Results are cached in an in-memory LRU cache (capacity: 256 entries):

type ghLRU struct {
    mu    sync.Mutex
    data  map[string]*list.Element
    order *list.List
    cap   int
}

Cache key: GitHub login or owner/repo.
Eviction: least-recently-used.
Thread-safe via sync.Mutex.
Empty results (no emails found) are also cached to avoid re-scanning.

CLI integration¶

The --github-scrape flag diverts execution to runGitHubScrape() in cmd/scrappy/main.go:

func runGitHubScrape(cfg *cliConfig) error {
    g := internalemail.NewGitHubDiscoverer(token)
    result, err := g.DiscoverFromUser(ctx, login, 30)
    // ...
}

Output is always CSV with two columns: repo,email. If the search term is an organization (not a user), the discoverer falls back to treating it as an org and scanning its repos directly:

if len(result) == 0 {
    repos, repoErr := g.ReposForOrg(ctx, login)
    // ...
}

Privacy considerations¶

GitHub's "Keep my email address private" setting only applies to the author email shown on the UI and in the commit web view.
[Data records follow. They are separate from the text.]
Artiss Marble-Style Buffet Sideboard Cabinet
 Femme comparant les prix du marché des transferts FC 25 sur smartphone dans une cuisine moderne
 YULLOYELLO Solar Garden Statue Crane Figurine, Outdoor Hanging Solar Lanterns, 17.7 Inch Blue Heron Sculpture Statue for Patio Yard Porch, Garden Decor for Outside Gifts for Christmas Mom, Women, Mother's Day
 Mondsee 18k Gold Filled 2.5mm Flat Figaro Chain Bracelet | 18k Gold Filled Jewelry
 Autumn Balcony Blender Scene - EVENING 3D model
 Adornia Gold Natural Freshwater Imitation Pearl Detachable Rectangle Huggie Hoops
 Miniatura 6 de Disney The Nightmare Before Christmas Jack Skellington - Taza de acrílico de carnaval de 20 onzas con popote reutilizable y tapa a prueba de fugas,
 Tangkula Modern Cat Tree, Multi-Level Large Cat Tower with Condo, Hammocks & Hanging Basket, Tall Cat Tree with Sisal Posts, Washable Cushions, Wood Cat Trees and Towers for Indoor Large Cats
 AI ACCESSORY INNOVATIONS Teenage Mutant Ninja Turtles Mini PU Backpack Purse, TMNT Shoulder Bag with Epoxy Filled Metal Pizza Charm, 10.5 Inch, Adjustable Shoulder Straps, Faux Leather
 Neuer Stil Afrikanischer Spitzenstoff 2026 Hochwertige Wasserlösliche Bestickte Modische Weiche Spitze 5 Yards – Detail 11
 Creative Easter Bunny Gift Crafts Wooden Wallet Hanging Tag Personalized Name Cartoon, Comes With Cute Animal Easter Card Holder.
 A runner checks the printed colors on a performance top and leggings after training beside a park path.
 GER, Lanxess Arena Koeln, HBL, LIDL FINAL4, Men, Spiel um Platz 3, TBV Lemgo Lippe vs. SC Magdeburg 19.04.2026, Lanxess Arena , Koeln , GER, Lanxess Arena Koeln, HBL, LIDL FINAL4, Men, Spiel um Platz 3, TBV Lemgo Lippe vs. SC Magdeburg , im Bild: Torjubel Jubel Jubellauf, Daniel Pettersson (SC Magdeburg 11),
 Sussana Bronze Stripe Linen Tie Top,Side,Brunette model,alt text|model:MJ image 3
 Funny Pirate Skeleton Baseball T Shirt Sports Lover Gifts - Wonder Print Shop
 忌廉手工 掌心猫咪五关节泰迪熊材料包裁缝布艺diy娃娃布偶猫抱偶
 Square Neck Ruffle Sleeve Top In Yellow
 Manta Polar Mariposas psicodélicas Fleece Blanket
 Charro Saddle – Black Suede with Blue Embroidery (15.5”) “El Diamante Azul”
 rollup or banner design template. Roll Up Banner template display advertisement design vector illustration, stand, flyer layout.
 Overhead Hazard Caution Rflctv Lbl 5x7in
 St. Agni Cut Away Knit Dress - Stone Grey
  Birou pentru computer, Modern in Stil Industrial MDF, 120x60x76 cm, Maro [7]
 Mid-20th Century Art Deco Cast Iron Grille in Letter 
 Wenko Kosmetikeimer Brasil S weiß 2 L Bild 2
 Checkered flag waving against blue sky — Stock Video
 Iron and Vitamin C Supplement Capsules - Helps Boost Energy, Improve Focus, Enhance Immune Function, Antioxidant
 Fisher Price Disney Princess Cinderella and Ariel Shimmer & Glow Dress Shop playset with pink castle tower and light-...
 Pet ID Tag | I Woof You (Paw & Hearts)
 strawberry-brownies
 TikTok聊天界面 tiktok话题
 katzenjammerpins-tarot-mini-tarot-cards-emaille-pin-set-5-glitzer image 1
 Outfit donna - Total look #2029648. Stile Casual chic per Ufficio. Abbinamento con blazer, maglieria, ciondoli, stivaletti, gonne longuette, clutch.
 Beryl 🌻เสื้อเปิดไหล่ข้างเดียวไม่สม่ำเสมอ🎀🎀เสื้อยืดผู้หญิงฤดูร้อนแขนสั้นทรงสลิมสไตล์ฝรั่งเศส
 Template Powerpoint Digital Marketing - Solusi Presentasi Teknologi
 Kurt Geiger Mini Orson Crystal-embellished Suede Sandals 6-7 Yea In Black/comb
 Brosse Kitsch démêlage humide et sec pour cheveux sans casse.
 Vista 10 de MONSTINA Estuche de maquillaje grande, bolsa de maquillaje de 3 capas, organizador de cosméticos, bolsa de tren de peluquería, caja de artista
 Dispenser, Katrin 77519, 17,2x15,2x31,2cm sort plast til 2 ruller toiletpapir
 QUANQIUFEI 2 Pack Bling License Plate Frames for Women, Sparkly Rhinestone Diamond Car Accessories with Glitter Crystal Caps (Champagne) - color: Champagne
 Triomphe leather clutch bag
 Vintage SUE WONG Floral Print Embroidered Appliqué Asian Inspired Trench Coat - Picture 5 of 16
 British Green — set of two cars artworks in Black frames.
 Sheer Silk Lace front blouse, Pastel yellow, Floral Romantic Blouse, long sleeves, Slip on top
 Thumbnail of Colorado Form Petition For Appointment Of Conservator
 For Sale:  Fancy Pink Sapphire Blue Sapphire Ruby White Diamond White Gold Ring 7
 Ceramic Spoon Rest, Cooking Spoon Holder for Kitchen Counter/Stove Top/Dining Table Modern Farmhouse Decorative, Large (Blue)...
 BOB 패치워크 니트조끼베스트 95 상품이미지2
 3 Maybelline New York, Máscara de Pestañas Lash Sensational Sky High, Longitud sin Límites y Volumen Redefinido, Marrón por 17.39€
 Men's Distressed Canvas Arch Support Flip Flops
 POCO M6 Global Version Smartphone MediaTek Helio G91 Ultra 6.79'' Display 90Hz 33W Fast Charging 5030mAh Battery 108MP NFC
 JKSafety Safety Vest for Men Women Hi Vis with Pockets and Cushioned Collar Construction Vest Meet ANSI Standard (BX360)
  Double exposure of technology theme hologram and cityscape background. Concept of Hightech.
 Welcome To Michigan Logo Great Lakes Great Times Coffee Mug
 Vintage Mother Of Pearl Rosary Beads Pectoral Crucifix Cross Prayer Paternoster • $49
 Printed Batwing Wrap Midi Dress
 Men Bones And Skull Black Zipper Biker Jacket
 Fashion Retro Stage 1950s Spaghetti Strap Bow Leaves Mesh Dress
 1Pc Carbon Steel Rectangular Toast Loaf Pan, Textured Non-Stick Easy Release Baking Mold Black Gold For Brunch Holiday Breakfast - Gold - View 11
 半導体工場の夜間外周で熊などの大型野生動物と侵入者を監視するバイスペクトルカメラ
The commit author metadata (commit.author.email in the API) still contains the real email for historical commits. scrappy reads the API-level commit metadata, not the web UI, so it can extract real addresses even when privacy mode is enabled.

This is standard behavior: CI tools, package registries, and code review platforms all use the same API data.